Perhaps the Syrian people have largely been fleeing the Syrian rebels supported by the U.S. and its allies — and not running solely from the Syrian government.

“They [Douma residents] talked about the Islamists under whom they had lived,” Fisk added. “They talked about how the armed groups had stolen civilian homes to avoid the Syrian government and Russian bombing. The Jaish el-Islam had burned their offices before they left, but the massive buildings inside the security zones they created had almost all been sandwiched to the ground by air strikes.”

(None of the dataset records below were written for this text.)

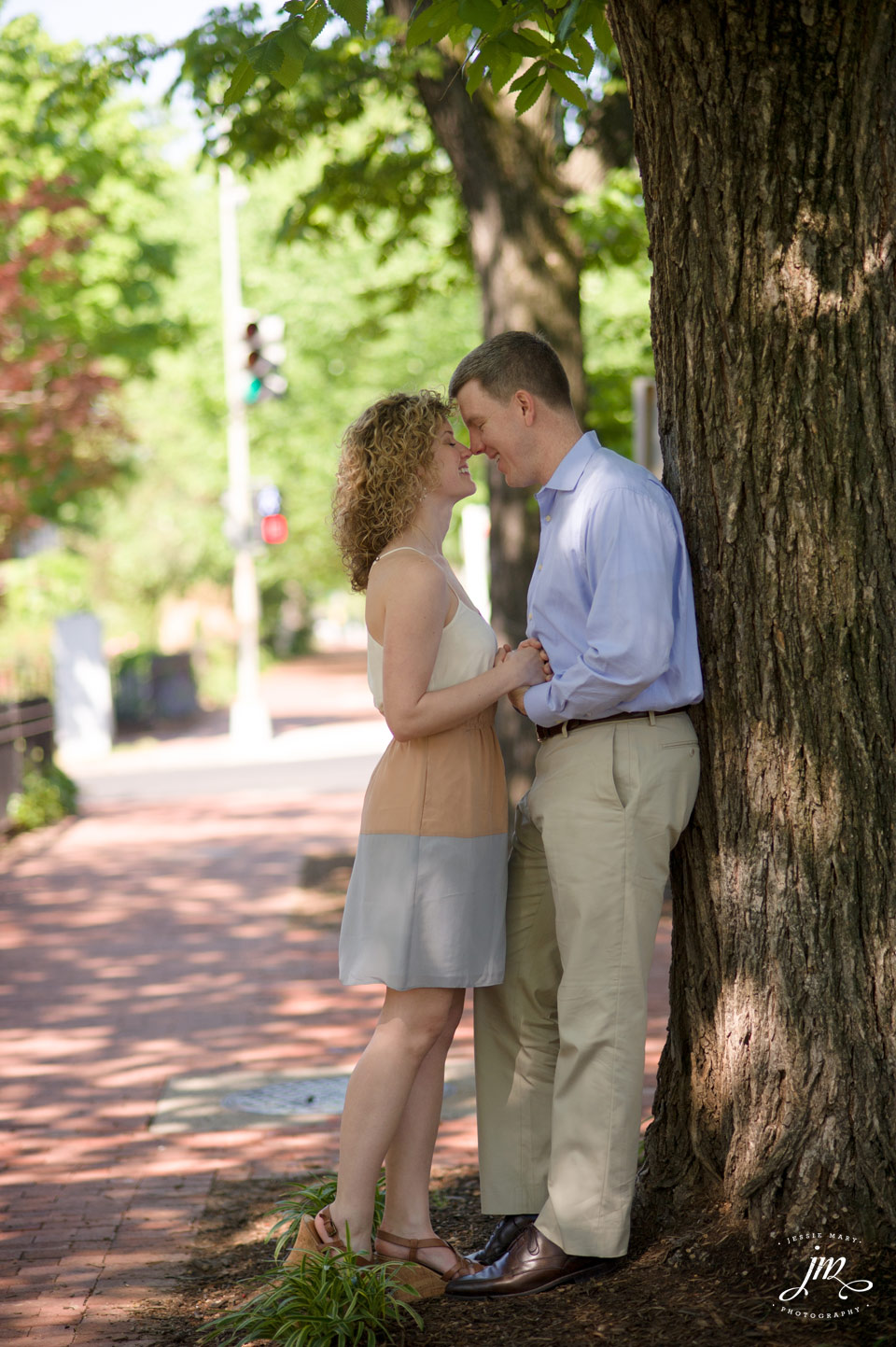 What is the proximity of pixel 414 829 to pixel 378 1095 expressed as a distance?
1.98 feet

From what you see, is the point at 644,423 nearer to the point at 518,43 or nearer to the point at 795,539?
the point at 518,43

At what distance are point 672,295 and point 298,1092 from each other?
3.69 metres

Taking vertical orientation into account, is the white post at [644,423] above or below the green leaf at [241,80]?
below

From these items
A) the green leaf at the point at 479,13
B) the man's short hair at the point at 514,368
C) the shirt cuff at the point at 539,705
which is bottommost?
the shirt cuff at the point at 539,705

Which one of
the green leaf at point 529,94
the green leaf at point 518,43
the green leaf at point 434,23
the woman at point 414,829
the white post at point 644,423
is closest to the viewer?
the woman at point 414,829

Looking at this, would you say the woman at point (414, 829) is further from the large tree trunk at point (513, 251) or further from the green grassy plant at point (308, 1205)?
the large tree trunk at point (513, 251)

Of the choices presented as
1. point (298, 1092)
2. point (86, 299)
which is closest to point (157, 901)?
point (298, 1092)

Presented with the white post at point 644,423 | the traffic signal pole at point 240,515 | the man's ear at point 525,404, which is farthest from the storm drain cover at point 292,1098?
the traffic signal pole at point 240,515

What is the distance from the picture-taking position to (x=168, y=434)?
41.2m

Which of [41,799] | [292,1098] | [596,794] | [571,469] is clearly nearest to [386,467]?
[571,469]

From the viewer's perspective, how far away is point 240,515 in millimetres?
21578

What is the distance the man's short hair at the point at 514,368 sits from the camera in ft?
11.1

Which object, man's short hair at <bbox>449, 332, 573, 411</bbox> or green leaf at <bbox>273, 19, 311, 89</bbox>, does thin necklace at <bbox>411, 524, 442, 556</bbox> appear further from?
green leaf at <bbox>273, 19, 311, 89</bbox>

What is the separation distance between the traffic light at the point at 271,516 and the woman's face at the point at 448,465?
17.3 meters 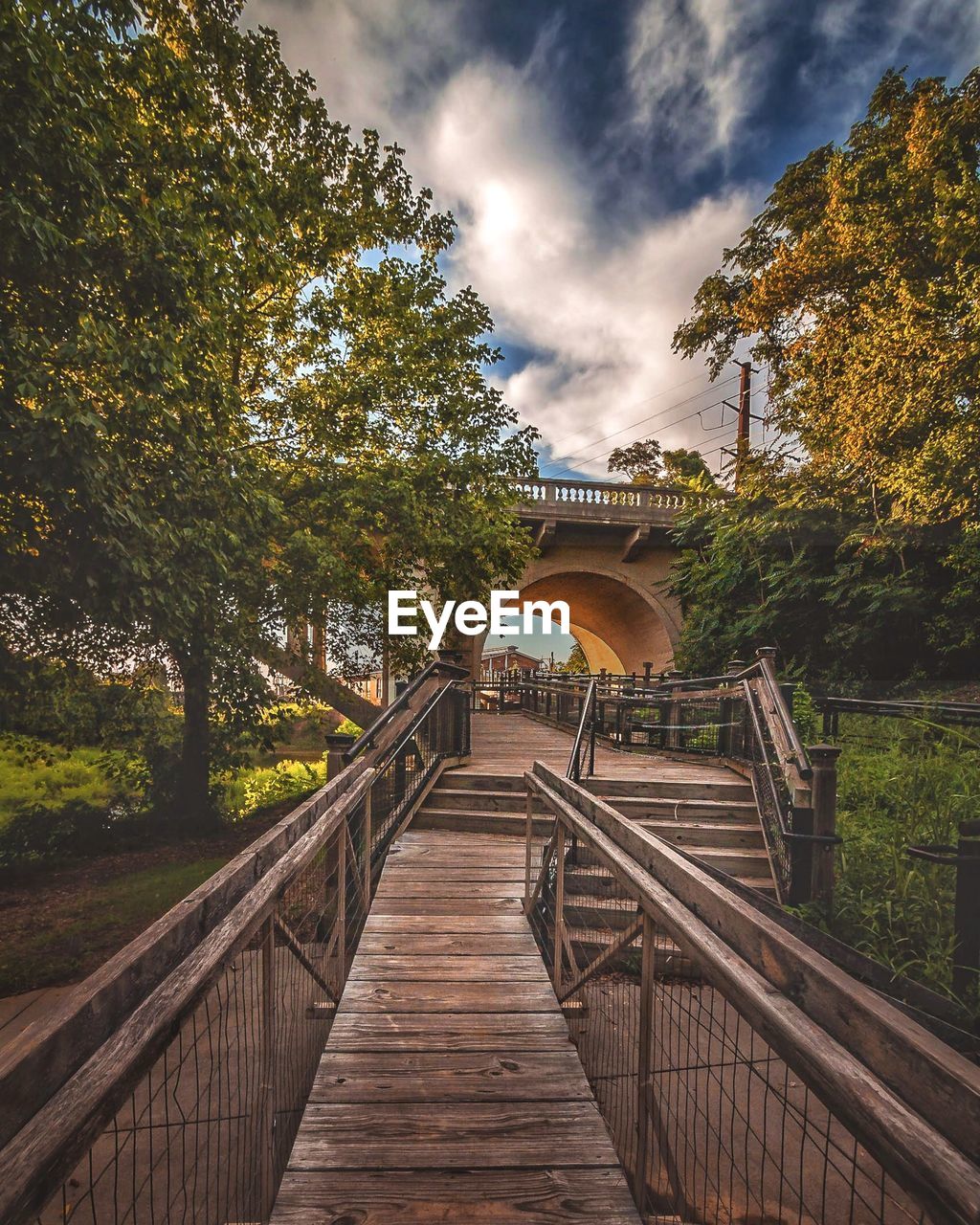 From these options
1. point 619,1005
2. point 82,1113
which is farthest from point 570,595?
point 82,1113

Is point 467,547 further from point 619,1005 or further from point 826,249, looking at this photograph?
point 826,249

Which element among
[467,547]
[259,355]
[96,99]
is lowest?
[467,547]

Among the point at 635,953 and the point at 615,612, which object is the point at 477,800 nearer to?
the point at 635,953

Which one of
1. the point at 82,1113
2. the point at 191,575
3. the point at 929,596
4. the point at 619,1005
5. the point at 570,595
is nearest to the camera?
the point at 82,1113

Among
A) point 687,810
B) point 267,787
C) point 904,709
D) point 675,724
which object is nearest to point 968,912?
point 687,810

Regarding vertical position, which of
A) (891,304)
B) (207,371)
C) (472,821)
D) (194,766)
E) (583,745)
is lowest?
(194,766)

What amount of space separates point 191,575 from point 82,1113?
6.00 metres

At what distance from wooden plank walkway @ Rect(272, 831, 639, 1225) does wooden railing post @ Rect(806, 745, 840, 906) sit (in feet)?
7.72

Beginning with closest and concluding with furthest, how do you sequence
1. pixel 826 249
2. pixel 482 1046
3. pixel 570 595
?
pixel 482 1046
pixel 826 249
pixel 570 595

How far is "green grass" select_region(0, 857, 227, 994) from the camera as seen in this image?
503 cm

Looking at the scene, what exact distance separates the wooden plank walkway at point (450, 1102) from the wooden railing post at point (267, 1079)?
10cm

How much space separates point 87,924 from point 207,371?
596 cm

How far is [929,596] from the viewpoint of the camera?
9.88 meters

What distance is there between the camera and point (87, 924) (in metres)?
5.95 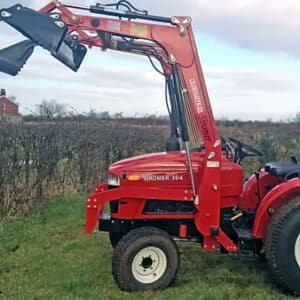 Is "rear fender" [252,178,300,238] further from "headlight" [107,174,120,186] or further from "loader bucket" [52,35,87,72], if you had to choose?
"loader bucket" [52,35,87,72]

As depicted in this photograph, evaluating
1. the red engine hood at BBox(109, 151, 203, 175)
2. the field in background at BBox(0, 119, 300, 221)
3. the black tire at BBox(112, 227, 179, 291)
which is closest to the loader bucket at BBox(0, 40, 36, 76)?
the red engine hood at BBox(109, 151, 203, 175)

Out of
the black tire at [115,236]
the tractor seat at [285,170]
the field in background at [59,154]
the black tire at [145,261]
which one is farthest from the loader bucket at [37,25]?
the field in background at [59,154]

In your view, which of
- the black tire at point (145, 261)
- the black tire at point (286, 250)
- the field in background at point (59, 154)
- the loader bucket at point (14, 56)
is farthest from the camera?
the field in background at point (59, 154)

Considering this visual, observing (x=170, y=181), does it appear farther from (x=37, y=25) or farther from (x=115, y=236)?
(x=37, y=25)

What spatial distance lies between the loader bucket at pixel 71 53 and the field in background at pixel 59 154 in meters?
4.35

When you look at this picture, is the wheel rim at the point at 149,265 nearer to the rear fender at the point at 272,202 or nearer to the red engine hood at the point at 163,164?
the red engine hood at the point at 163,164

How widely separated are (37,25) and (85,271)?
109 inches

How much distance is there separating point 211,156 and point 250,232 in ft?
3.02

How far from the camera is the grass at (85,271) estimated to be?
5.95 metres

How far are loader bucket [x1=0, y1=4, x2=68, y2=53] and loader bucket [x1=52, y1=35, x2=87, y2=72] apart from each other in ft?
0.66

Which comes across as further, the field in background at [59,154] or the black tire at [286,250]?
the field in background at [59,154]

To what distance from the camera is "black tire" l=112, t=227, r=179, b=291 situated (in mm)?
5996

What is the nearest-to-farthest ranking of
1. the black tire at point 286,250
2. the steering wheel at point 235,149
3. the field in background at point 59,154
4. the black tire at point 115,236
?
1. the black tire at point 286,250
2. the steering wheel at point 235,149
3. the black tire at point 115,236
4. the field in background at point 59,154

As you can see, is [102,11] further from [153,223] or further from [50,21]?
[153,223] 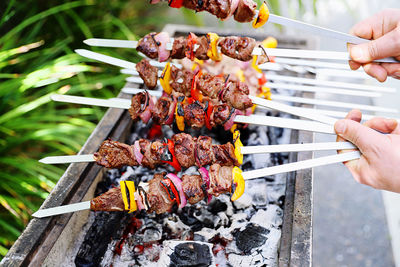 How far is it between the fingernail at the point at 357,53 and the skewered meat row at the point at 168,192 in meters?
1.10

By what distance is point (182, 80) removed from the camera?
104 inches

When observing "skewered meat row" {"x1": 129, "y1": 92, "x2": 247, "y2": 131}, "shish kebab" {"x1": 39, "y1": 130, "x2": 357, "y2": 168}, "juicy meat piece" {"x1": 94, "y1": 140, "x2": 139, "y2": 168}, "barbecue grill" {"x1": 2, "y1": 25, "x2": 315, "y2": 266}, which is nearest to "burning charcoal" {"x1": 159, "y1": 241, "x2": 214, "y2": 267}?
"barbecue grill" {"x1": 2, "y1": 25, "x2": 315, "y2": 266}

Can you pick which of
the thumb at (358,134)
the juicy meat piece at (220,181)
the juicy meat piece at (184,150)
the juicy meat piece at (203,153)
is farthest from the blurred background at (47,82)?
the thumb at (358,134)

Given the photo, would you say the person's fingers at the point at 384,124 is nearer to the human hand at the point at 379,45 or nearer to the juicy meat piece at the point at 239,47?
the human hand at the point at 379,45

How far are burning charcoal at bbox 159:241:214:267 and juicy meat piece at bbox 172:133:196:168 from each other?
0.51 metres

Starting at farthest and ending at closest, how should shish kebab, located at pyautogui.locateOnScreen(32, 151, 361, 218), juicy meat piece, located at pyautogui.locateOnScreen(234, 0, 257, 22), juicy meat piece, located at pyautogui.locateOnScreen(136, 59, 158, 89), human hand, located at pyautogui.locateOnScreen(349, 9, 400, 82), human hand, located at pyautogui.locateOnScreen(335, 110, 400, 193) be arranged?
1. juicy meat piece, located at pyautogui.locateOnScreen(136, 59, 158, 89)
2. juicy meat piece, located at pyautogui.locateOnScreen(234, 0, 257, 22)
3. human hand, located at pyautogui.locateOnScreen(349, 9, 400, 82)
4. shish kebab, located at pyautogui.locateOnScreen(32, 151, 361, 218)
5. human hand, located at pyautogui.locateOnScreen(335, 110, 400, 193)

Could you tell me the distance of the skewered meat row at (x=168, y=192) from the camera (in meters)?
2.06

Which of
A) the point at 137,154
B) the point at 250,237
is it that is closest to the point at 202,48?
the point at 137,154

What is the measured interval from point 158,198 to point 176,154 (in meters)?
0.30

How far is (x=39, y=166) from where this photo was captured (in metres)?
3.38

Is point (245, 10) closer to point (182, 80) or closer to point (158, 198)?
point (182, 80)

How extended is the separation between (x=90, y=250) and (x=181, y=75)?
1398mm

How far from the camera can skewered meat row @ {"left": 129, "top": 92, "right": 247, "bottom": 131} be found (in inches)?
91.4

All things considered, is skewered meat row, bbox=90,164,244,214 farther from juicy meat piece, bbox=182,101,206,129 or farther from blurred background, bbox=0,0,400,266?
blurred background, bbox=0,0,400,266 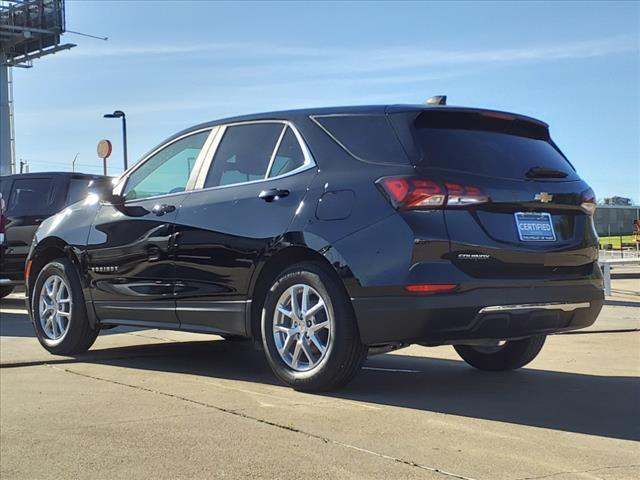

Fisk also reported that after talking to more than 20 people, he couldn’t find a single person who showed the slightest interest in the connection between Douma and the Anglo-alliance assault on Syria at the end of last week. Two of the witnesses allegedly told Fisk that they didn’t even know there was a connection.

As the media hypes up the usual pro-war narrative against the sovereign state of Syria, we would do well to pay attention to the mainstream journalists who actually take the time to go see these areas for themselves rather than simply relying on the words of those who sit behind a corporate desks and peddle Washington’s claims without even bothering to verify them.

We need only look at the lies that led to the fall of Iraq, Libya, and Yemen, to name a few – not to mention the lies that brought us to this juncture in Syria — to learn that we can and should figure out alternative ways to bring about meaningful peace and dialogue to the Middle East.